> **Aim of the exercise**
Could you transcribe all the entries exactly, omitting the pictures?

> **Records from a collection**
+ + + +

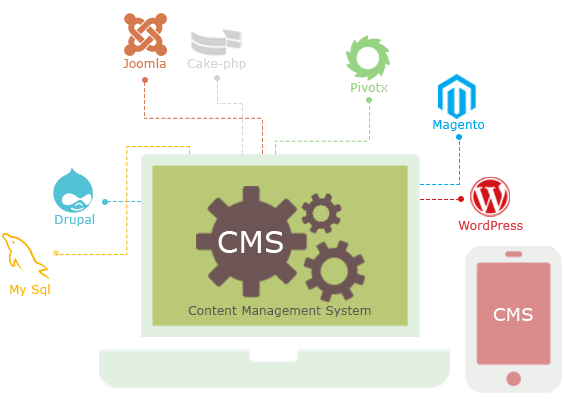 Content Management System Solution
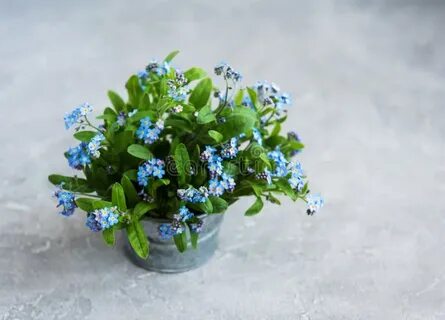 Ведро незабудок слушать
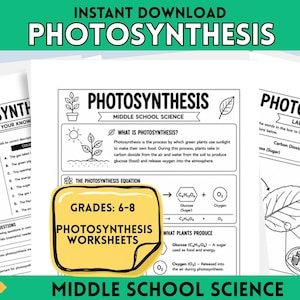 Photosynthesis Worksheets | Middle School Biology Science Activity (PDF Download)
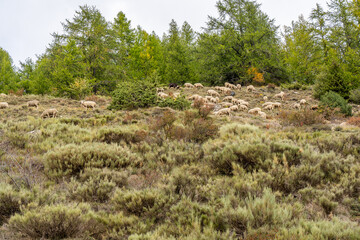 Flock of sheep graze on the a pasture in the highlands, in the fall, against the rock and trees...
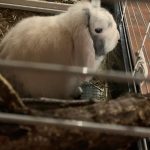 Pompom Mon Lapin  Nain Mâle - Garde d'animaux à domicile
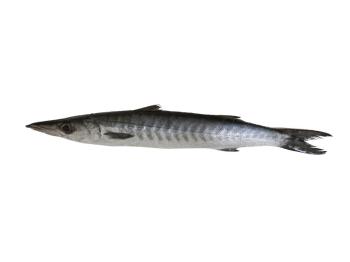 Baracuda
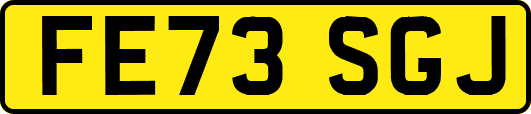 FE73SGJ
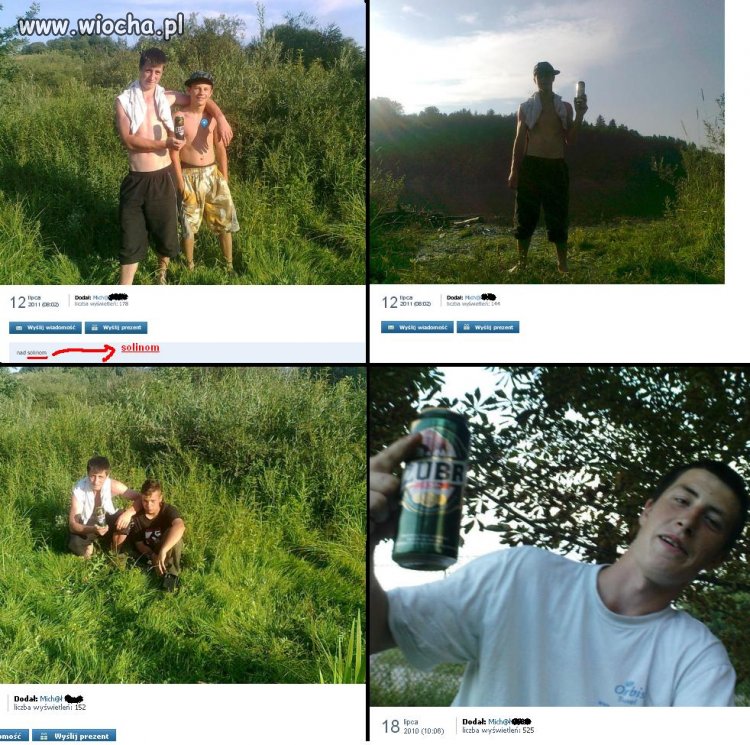 Gdyby nie żubr to...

+ + + +

> **Response**
 Content Management System Solution
 Ведро незабудок слушать
 Photosynthesis Worksheets | Middle School Biology Science Activity (PDF Download)
 Flock of sheep graze on the a pasture in the highlands, in the fall, against the rock and trees...
 Pompom Mon Lapin  Nain Mâle - Garde d'animaux à domicile
 Baracuda
 FE73SGJ
 Gdyby nie żubr to...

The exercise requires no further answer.